[Extracted records]
# # #

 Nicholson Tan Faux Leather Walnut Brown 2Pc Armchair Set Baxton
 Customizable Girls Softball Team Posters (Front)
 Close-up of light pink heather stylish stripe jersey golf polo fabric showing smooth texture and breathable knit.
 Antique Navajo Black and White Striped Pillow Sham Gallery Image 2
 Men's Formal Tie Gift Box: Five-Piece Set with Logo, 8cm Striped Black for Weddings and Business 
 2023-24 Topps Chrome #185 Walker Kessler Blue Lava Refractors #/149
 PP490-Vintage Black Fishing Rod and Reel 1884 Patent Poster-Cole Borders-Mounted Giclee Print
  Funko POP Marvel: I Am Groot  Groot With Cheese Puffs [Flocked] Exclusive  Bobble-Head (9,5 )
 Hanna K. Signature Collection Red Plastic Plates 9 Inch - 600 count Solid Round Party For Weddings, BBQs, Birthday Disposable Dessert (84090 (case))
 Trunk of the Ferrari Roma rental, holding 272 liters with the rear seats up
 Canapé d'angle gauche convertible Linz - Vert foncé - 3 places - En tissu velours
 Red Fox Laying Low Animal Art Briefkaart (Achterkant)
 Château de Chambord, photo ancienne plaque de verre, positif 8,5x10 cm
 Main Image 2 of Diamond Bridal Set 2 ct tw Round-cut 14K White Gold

# # #

• Your assignment:
What is needed is an exact transcription of all the data.

• Output for this exercise:
 Nicholson Tan Faux Leather Walnut Brown 2Pc Armchair Set Baxton
 Customizable Girls Softball Team Posters (Front)
 Close-up of light pink heather stylish stripe jersey golf polo fabric showing smooth texture and breathable knit.
 Antique Navajo Black and White Striped Pillow Sham Gallery Image 2
 Men's Formal Tie Gift Box: Five-Piece Set with Logo, 8cm Striped Black for Weddings and Business 
 2023-24 Topps Chrome #185 Walker Kessler Blue Lava Refractors #/149
 PP490-Vintage Black Fishing Rod and Reel 1884 Patent Poster-Cole Borders-Mounted Giclee Print
  Funko POP Marvel: I Am Groot  Groot With Cheese Puffs [Flocked] Exclusive  Bobble-Head (9,5 )
 Hanna K. Signature Collection Red Plastic Plates 9 Inch - 600 count Solid Round Party For Weddings, BBQs, Birthday Disposable Dessert (84090 (case))
 Trunk of the Ferrari Roma rental, holding 272 liters with the rear seats up
 Canapé d'angle gauche convertible Linz - Vert foncé - 3 places - En tissu velours
 Red Fox Laying Low Animal Art Briefkaart (Achterkant)
 Château de Chambord, photo ancienne plaque de verre, positif 8,5x10 cm
 Main Image 2 of Diamond Bridal Set 2 ct tw Round-cut 14K White Gold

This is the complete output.